We've been working our way through the book of Haggai and in case you've just joined us, let me give you a little bit of background for this book. The Israelites have been in captivity in Babylon for the past 70 years. Jerusalem was destroyed because of the people's sin and idolatry. The city was burned to the ground and the survivors were taken away to Babylon. After 70 years the Babylonian empire fell to the Persians and a new king, Cyrus invited the Jews to return to their homeland to rebuild the temple. About 50,000 Israelites respond and make the long journey. After a period of settling in, they begin the rebuilding by laying the foundation. But soon after that opposition from the people living in the surrounding area brings the construction to a halt. This stoppage lasts for 16 years and God sends two prophets to encourage the people. Haggai is one of these prophets.

We saw in chapter one how God challenged the people to return to their true purpose, to rebuild the temple. And at the end of the chapter we see the response of the Jews. They begin working and the power of God falls on them. In chapter 2 we see that after about a month of work, the project is threatened by discouragement. The people fight with comparison. The new temple is nothing compared to Solomon's temple. But God redirects the people back to the building project. He tells them to be strong, to work and to not be afraid. Then He reminds them of these three great encouragements, God's presence, God's power and God's purpose.

Now God gives another message to the Israelites through Haggai. Take a look at verse 10 (read verse). This message comes exactly three months after the Israelites restarted the work on the temple. Why did the Lord speak at this time? I think there might be a couple of reasons. First, the message came in the ninth month which would be November or December. That would be the time where the Israelites would sow their crops. Up until that time the Israelites had seen meager harvests. What they sowed turned out to bear crops that were far less than what they expected. Now as they planted again I'm sure the Israelites wondered if they would still have less than expected harvests. The Lord wanted to reassure them. The second reason that the Lord addressed them at this time was that wrong ideas of what it meant to be a blessed people were growing in the hearts of the Jews.

In this sermon this morning I want to look at three points: 1) how not to receive God's blessing; 2) the curses of God; and 3) the blessing of God. If you have your bulletin you can take notes or better yet you can write in your notebook.

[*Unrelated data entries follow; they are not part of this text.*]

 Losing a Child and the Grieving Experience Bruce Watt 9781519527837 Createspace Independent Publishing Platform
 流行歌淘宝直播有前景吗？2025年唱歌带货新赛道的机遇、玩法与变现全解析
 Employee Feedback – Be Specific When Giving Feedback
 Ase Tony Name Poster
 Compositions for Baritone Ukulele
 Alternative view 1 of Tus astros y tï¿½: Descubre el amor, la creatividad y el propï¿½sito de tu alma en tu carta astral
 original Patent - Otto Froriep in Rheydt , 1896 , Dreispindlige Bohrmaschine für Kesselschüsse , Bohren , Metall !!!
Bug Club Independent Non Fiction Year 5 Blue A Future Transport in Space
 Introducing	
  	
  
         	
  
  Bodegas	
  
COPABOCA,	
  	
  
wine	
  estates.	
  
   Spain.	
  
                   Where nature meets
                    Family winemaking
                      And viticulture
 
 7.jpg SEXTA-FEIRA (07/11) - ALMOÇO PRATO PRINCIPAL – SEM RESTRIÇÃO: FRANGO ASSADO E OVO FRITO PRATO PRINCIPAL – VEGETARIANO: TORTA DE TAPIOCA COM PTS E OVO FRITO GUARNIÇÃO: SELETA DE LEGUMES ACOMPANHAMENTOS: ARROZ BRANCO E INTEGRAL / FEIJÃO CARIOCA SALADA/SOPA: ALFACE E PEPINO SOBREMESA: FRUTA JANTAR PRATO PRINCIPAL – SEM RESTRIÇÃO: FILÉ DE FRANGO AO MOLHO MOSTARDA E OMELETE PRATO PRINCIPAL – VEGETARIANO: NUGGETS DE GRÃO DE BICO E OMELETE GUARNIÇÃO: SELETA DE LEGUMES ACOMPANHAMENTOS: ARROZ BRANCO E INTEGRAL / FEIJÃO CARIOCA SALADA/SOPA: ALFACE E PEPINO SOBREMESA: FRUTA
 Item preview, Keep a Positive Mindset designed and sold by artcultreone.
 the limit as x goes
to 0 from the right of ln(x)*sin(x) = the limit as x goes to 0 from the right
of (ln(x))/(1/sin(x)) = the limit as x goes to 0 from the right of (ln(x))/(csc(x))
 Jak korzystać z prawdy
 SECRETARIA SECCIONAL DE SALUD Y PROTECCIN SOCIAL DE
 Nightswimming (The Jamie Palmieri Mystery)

First, how not the receive God's blessing. Take a look at verses 11-14 (read verses). In these verses God uses an illustration from the ceremonial law. There are two hypothetical situations here. Let's look at the first. If a person offers a piece of meat at the temple to sacrifice and it becomes consecrated, and if that piece of meat is carried in a cloth, and if that cloth touches something else, like some other food, will it make that food consecrated? The answer is no. The lesson is clear. Holiness is not contagious. It can't be spread by touch or close proximity.

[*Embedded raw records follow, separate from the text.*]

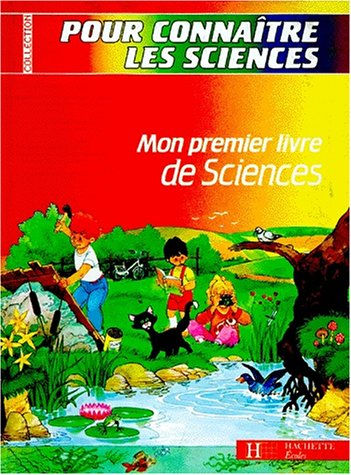 Mon premier livre de sciences : CP-CE1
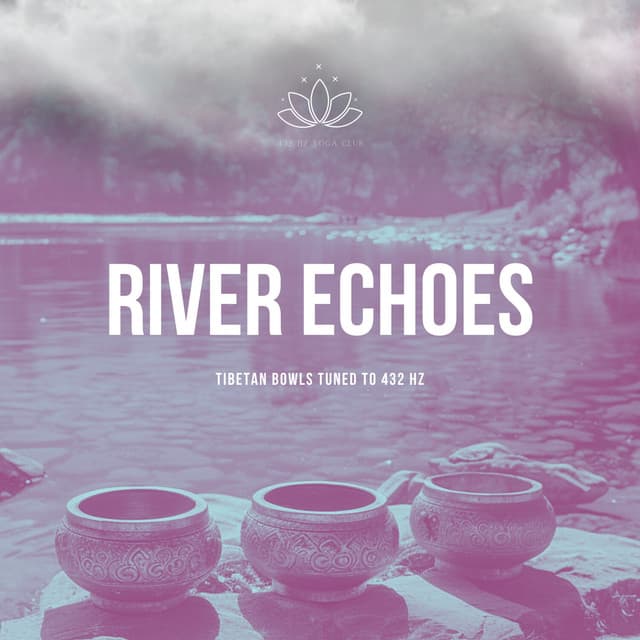 River Echoes: Tibetan Bowls Tuned to 432 Hz - 432 Hz Yoga Club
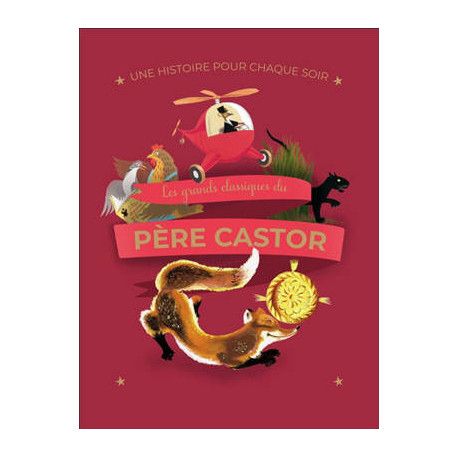 UNE HISTOIRE POUR CHAQUE SOIR : LES GRANDS CLASSIQUES DU PÈRE CASTOR UNE HISTOIRE POUR CHAQUE SOIR : LES GRANDS CLASSIQUES DU PÈRE CASTOR
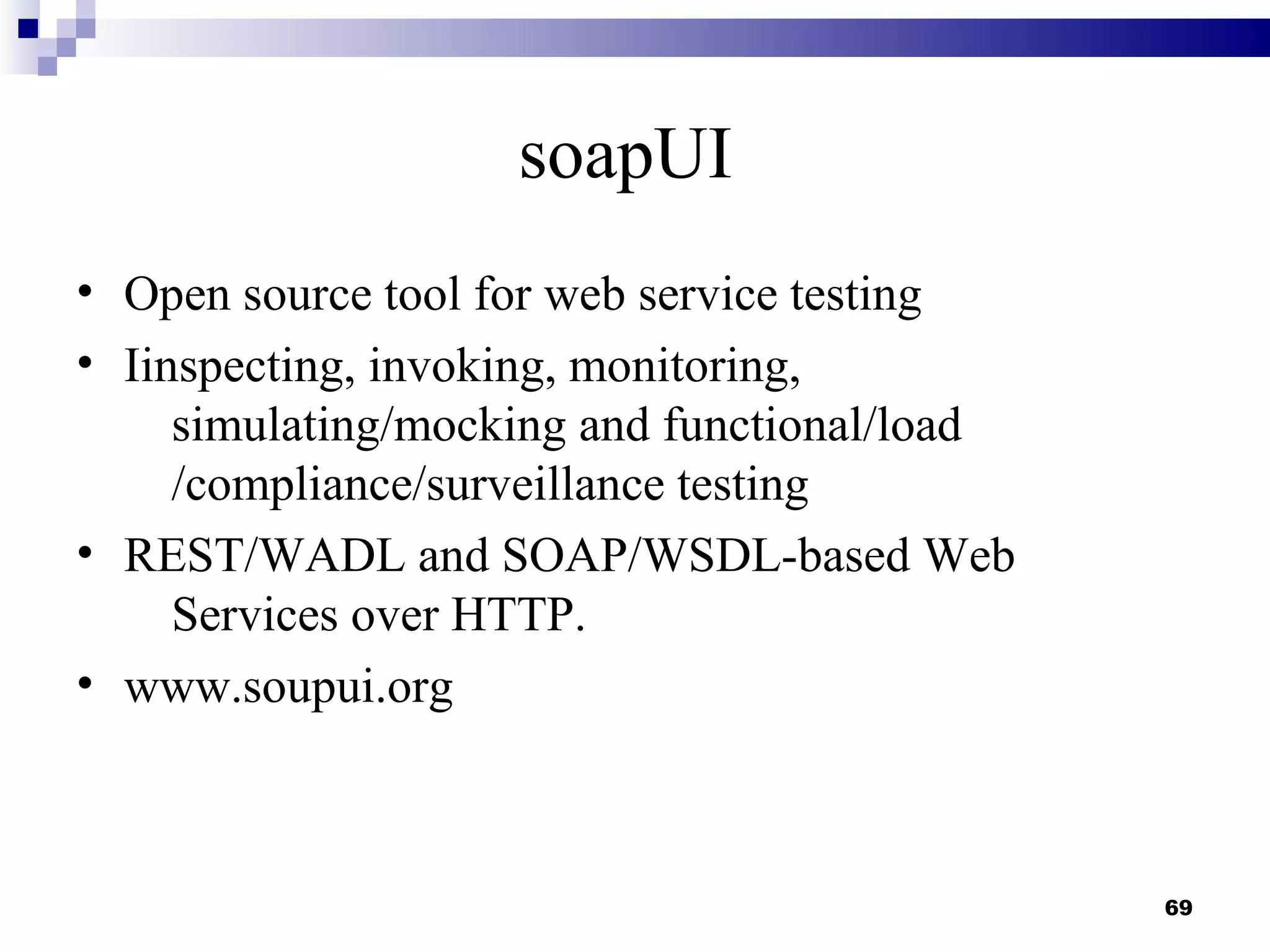 soapUI
• Open source tool for web service testing
• Iinspecting, invoking, monitoring,
     simulating/mocking and functional/load
     /compliance/surveillance testing
• REST/WADL and SOAP/WSDL-based Web
     Services over HTTP.
• www.soupui.org



                                              69
 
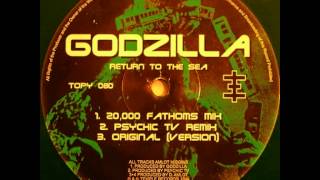 Godzilla - Return To The Sea (Psychic TV Remix)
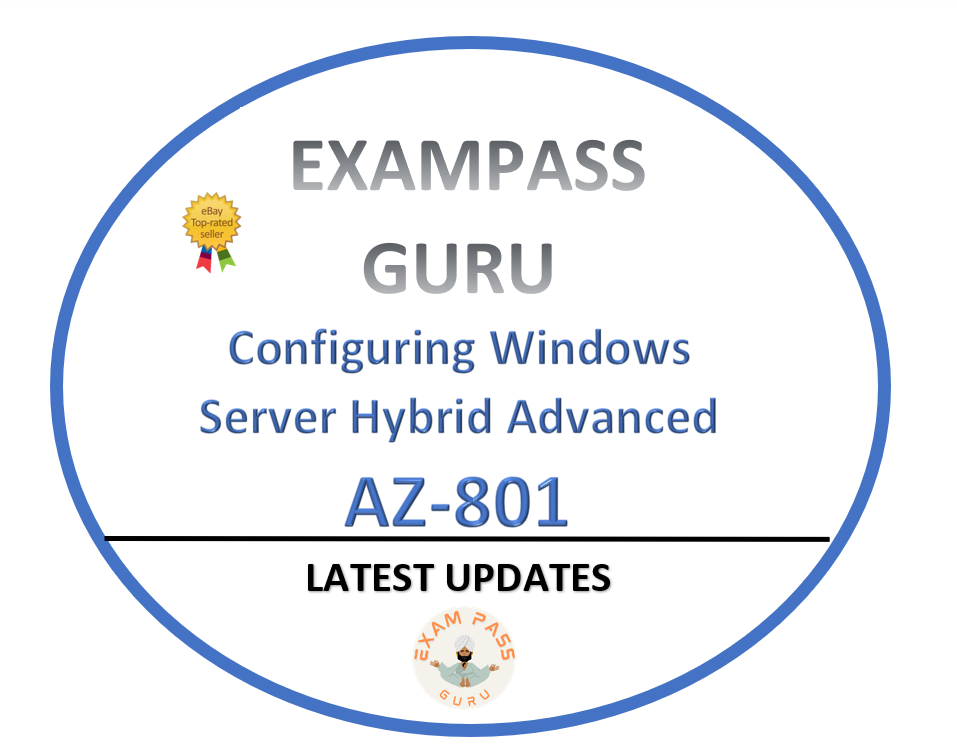 AZ-801 Configuring Windows Server Hybrid Advanced Services! 280 QA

Why did God use that illustration? I think a wrong view was growing in the minds of the Israelites. Their thinking may have gone something like this: They were building the temple. The temple represented the presence of God. Therefore they themselves were made right before God because of their close proximity to the temple. They believed that the temple gave them a sort of spiritual protection and blessing. That's exactly what the people thought right before the Babylonians captured Jerusalem and destroyed the city and the temple. Jeremiah 7:4 says: "Do not trust in deceptive words and say, 'This is the temple of the Lord, the temple of the Lord, the temple of the Lord!'" The people believed that as long as the temple was standing, then they would never be conquered. Look at what God says to this attitude in verse 9-11: "Will you steal and murder, commit adultery and perjury, burn incense to Baal and follow other gods you have not known and then come and stand before me in this house, which bears my Name, and say, 'We are safe' - safe to do all these detestable things? Has this house, which bears my Name, become a den of robbers to you? But I have been watching! declares the Lord."

The Lord was showing the Israelites that just by having the temple didn't make them holy. It didn't guarantee protection or the blessing of God. Just like a consecrated piece of meat couldn't make anything else holy by touching it, so the temple wouldn't make them holy either.

Today we can have the same sort of attitude. We can think that since we go to church, or we hang around Christian people, or we listen to worship music or we read the Bible that we are right before God. How many of you have grown up in the church? For those of us who have grown up in Christian families, gone to Christian schools, attended youth group and gone to things like TC, this is a great temptation. We can just kind of think we are in right relationship with God because we've always been around God things. But that's not true. We can never become holy through osmosis. We can't just pick up Christianity from hanging around other Christians. O, we can pick up the Christian culture. We can learn Bible verses and have the right answers to questions that people might ask, but we really don't have a vibrant relationship with the living God. No one is born as a Christian. Instead you must be born again. Everyone must make their own personal journey to come to know, to love, to trust in and to follow Jesus Christ. Have you done that in your life?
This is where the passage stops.